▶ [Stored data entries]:
----

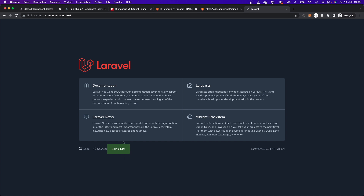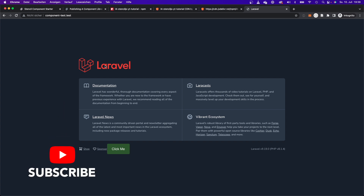That is how web components work and how you can reuse them in different projects. It's a very neat solution to the problem of components that can't be shared across projects. In the future I'm planning a tutorial to build a more complex component making use of all the decorators and lifecycle methods that Stencil offers — so make sure to click like and subscribe. Thank you for watching, see you next time!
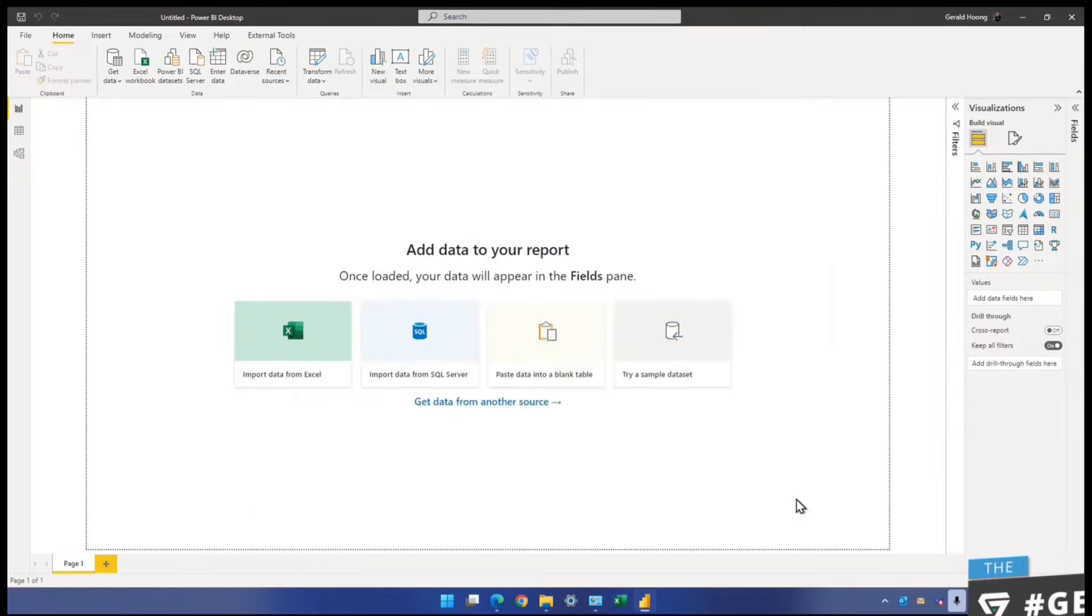So now, what happens is, right now, those of you who are following through, you already completed the loading. How do you know that I've got all my four sheets loaded? Now, pay attention to the right-hand side, the fields pane here, you can see all the four sheets are now interpreted by Power BI desktop as a table. Four tables, all that, appearing here. Let me introduce, especially those of you who are new here.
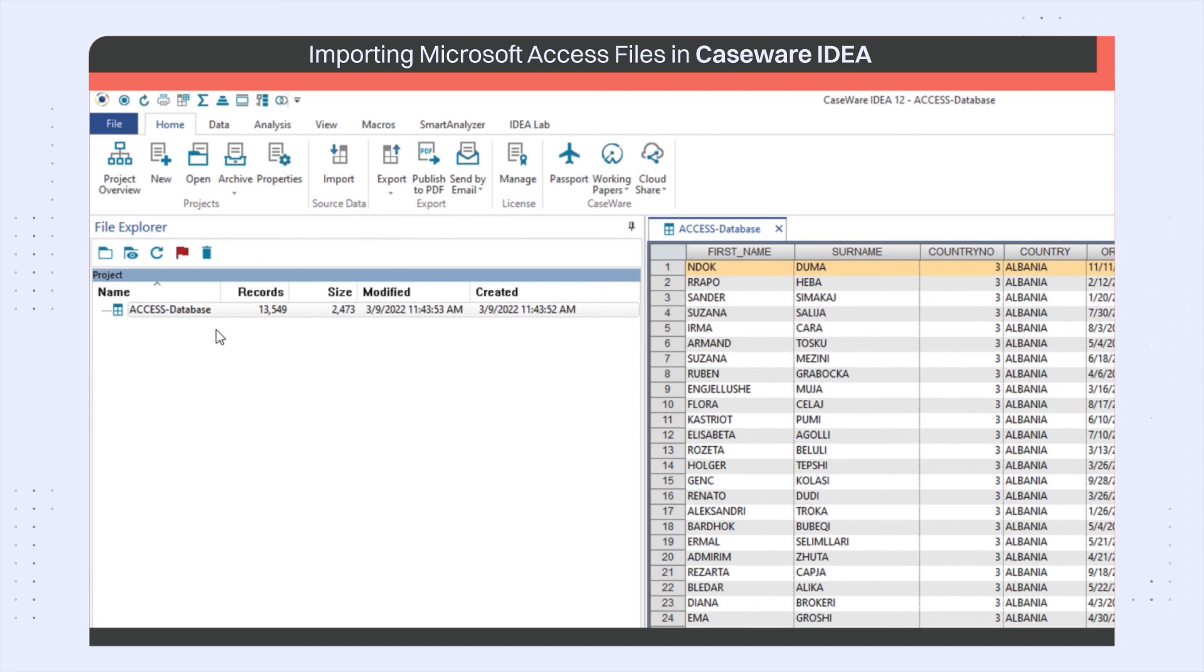So in this case, the Access file is shown as Access-Database in the file explorer.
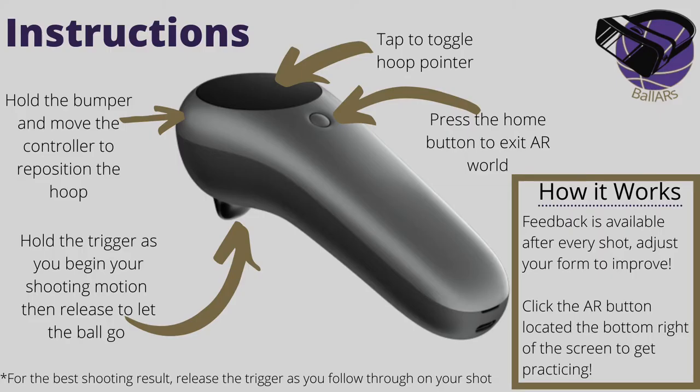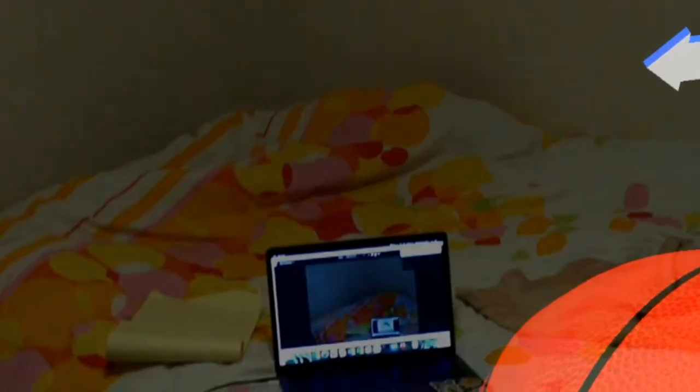You are then greeted with an instruction overlay of how this application works. Once you enter AR, you'll see an arrow that will point you in the direction of the hoop.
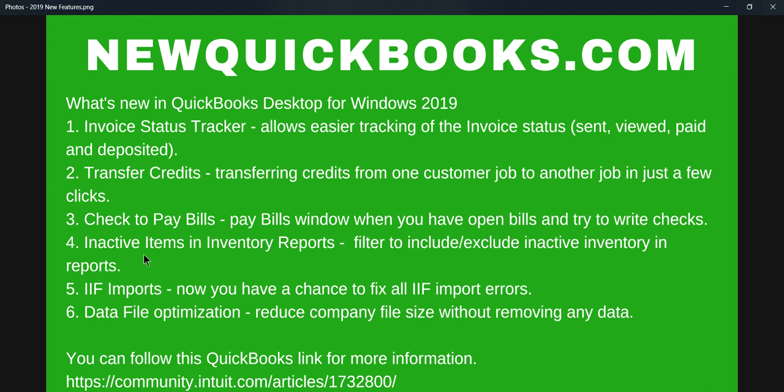Inactive items in inventory reports—if you're using inventory reports, it's nice to have this feature. IIF imports—if you don't know what IIF imports is, just forget about it, nothing important. The other one is data file optimization; you may not use it, but if you are using it, it's kind of helpful. You can follow this article from QuickBooks for more details on what they added. I'm going to leave this open so you can write down the website link.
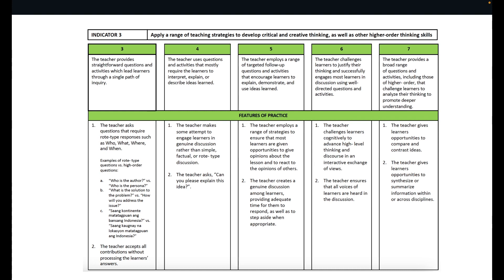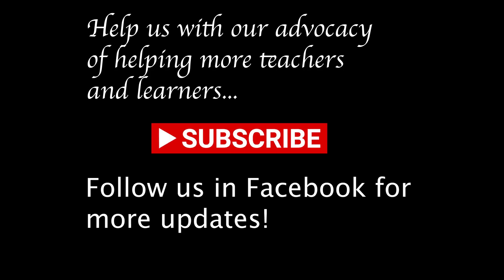That's all for Objective 3 — it's quite heavy. Remember, objectives one, two, and three are to be mastered from first grading to fourth grading, because they cut across all disciplines. Objective one deals with the way we integrate; Objective two deals with literacy and numeracy; and Objective three looks at how you employ higher-order thinking skills, ensuring that creativity and critical thinking are evident among your learners. That's all for objectives one, two, and three — this is part three. If you learned something from this, don't forget to subscribe.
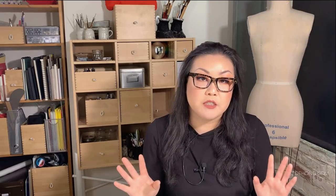Do you have any book recommendations for draping and pattern making? Yes — they are all in my Amazon store at amazon.com/shops/ZoeHong. The link is in my description box, and I'll also show you the books in this video.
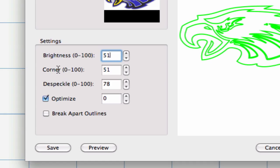The Corner Control. This determines how the trace program should handle corners that it finds. The Speckle. This removes tiny shapes, little stray dots or speckles. This will help clean up a source image.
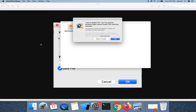When trying to install Java in Mac Catalina, you will see an error message like this. To fix this, open your System Preferences.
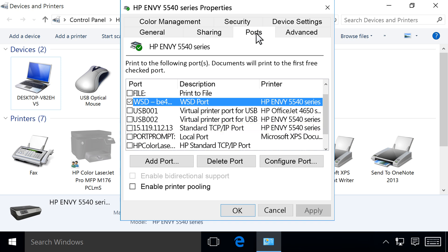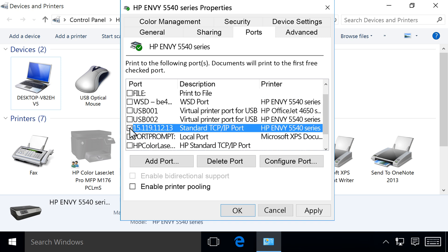If there are multiple listings for the same port type, change the selection to a different port. Click OK to accept any changes.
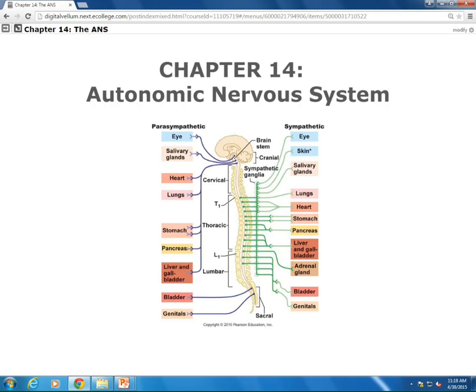Then we have different types of neurons. Before you get to the ganglia, it's known as a preganglionic neuron, and after the ganglia is the postganglionic neuron. On the sympathetic side, it's a short preganglionic neuron getting to the sympathetic chain, and then a longer postganglionic getting to the actual organ that it serves.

----

▶ [Work item]:
Every entry, word for word: repeat it, but skip the images.

▶ [Output for this exercise]:
That is how web components work and how you can reuse them in different projects. It's a very neat solution to the problem of components that can't be shared across projects. In the future I'm planning a tutorial to build a more complex component making use of all the decorators and lifecycle methods that Stencil offers — so make sure to click like and subscribe. Thank you for watching, see you next time!
So now, what happens is, right now, those of you who are following through, you already completed the loading. How do you know that I've got all my four sheets loaded? Now, pay attention to the right-hand side, the fields pane here, you can see all the four sheets are now interpreted by Power BI desktop as a table. Four tables, all that, appearing here. Let me introduce, especially those of you who are new here.
So in this case, the Access file is shown as Access-Database in the file explorer.
You are then greeted with an instruction overlay of how this application works. Once you enter AR, you'll see an arrow that will point you in the direction of the hoop.
Inactive items in inventory reports—if you're using inventory reports, it's nice to have this feature. IIF imports—if you don't know what IIF imports is, just forget about it, nothing important. The other one is data file optimization; you may not use it, but if you are using it, it's kind of helpful. You can follow this article from QuickBooks for more details on what they added. I'm going to leave this open so you can write down the website link.
That's all for Objective 3 — it's quite heavy. Remember, objectives one, two, and three are to be mastered from first grading to fourth grading, because they cut across all disciplines. Objective one deals with the way we integrate; Objective two deals with literacy and numeracy; and Objective three looks at how you employ higher-order thinking skills, ensuring that creativity and critical thinking are evident among your learners. That's all for objectives one, two, and three — this is part three. If you learned something from this, don't forget to subscribe.
Do you have any book recommendations for draping and pattern making? Yes — they are all in my Amazon store at amazon.com/shops/ZoeHong. The link is in my description box, and I'll also show you the books in this video.
The Corner Control. This determines how the trace program should handle corners that it finds. The Speckle. This removes tiny shapes, little stray dots or speckles. This will help clean up a source image.
When trying to install Java in Mac Catalina, you will see an error message like this. To fix this, open your System Preferences.
If there are multiple listings for the same port type, change the selection to a different port. Click OK to accept any changes.
Then we have different types of neurons. Before you get to the ganglia, it's known as a preganglionic neuron, and after the ganglia is the postganglionic neuron. On the sympathetic side, it's a short preganglionic neuron getting to the sympathetic chain, and then a longer postganglionic getting to the actual organ that it serves.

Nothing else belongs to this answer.